▶ Required work: Give back exactly the lines of the material below, starting with the line with "WGOLF Team Photo" and going on through the line with "Brodies Chai Masala Teas".

▶ Data extracts:
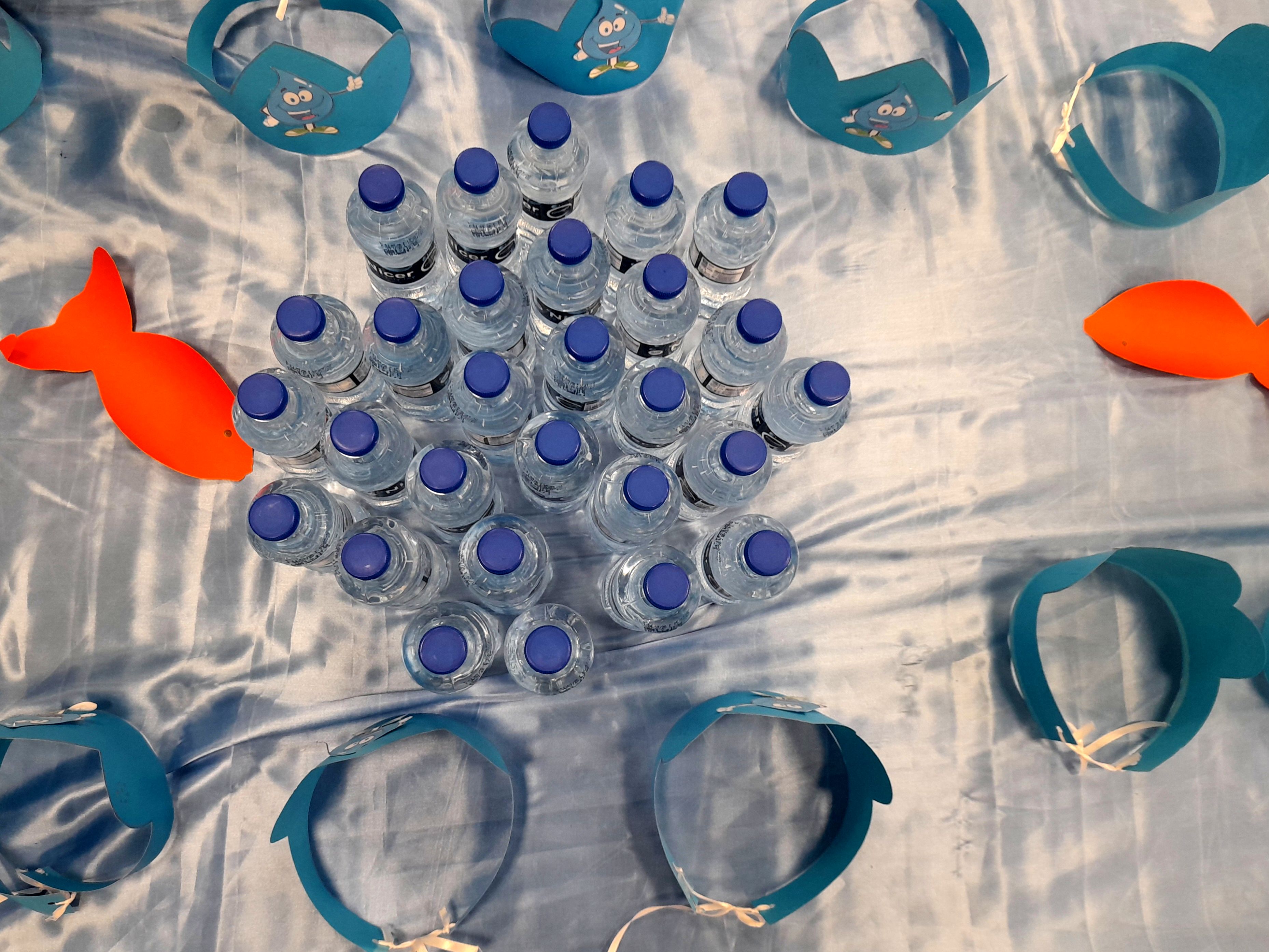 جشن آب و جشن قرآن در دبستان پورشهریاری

==

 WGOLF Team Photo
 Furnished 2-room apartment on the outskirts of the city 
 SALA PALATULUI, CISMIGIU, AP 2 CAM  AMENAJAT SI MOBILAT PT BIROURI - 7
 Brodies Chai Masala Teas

▶ Answer to this problem:
 WGOLF Team Photo
 Furnished 2-room apartment on the outskirts of the city 
 SALA PALATULUI, CISMIGIU, AP 2 CAM  AMENAJAT SI MOBILAT PT BIROURI - 7
 Brodies Chai Masala Teas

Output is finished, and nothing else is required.